Doroteya Droumeva tord le cou au patriarcat dans The Vagabonds

Photo du film THE VAGABONDS de Doroteya DROUMEVA © DR

Femme d'âge moyen avec préférence pour des partenaires plus jeunes cherche contact humain sincère. Dans The Vagabonds, son premier long métrage, la réalisatrice bulgare Doroteya Droumeva aborde les questions des jugements de valeur arbitraires, des préjugés et de la masculinité toxique auxquels sont confrontées les femmes.

Quel est le point de départ de ce projet ?
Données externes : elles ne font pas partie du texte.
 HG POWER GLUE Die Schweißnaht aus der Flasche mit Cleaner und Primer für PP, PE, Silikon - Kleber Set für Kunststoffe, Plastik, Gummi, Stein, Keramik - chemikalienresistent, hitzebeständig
The Vagabonds est inspiré par mon expérience personnelle. Mais ce n'est pas un film autobiographique. Je l’ai romancé en grande partie. Un vagabond est quelqu'un qui adopte un mode de vie nomade, sans attaches avec un lieu géographique en particulier et les personnages de mon film sont en ce sens des vagabonds car ils sont à la recherche de leur propre identité dans un monde en constante évolution. J'ai réalisé The Vagabonds avec de jeunes cinéphiles. Le film est entièrement auto produit.

 

Qu’avez-vous souhaité creuser ?

Le personnage de Nora est en quelque sorte mon alter ego. Elle sort avec des hommes plus jeunes qu’elle et elle doit toujours se justifier car il s’agit d’un tabou sociétal. Ce type de relations est généralement stigmatisé et les femmes qui ont des partenaires plus jeunes sont traitées de cougars, un terme qui vient de l’industrie du porno. Elles sont traitées de façon très sexiste et misogyne, alors qu’elles devraient être libres de faire leurs choix sans être jugées. L'inverse – un homme plus âgé avec une femme plus jeune – est socialement davantage valorisé par le patriarcat. Nora est par ailleurs confrontée à une certaine masculinité toxique en plus des préjugés. Je pense qu'il existe également une féminité toxique, mais ce n'est pas un problème de société comme la masculinité toxique, qui est plus largement répandue. The Vagabonds un film personnel, mais il ne comporte aucun message politique.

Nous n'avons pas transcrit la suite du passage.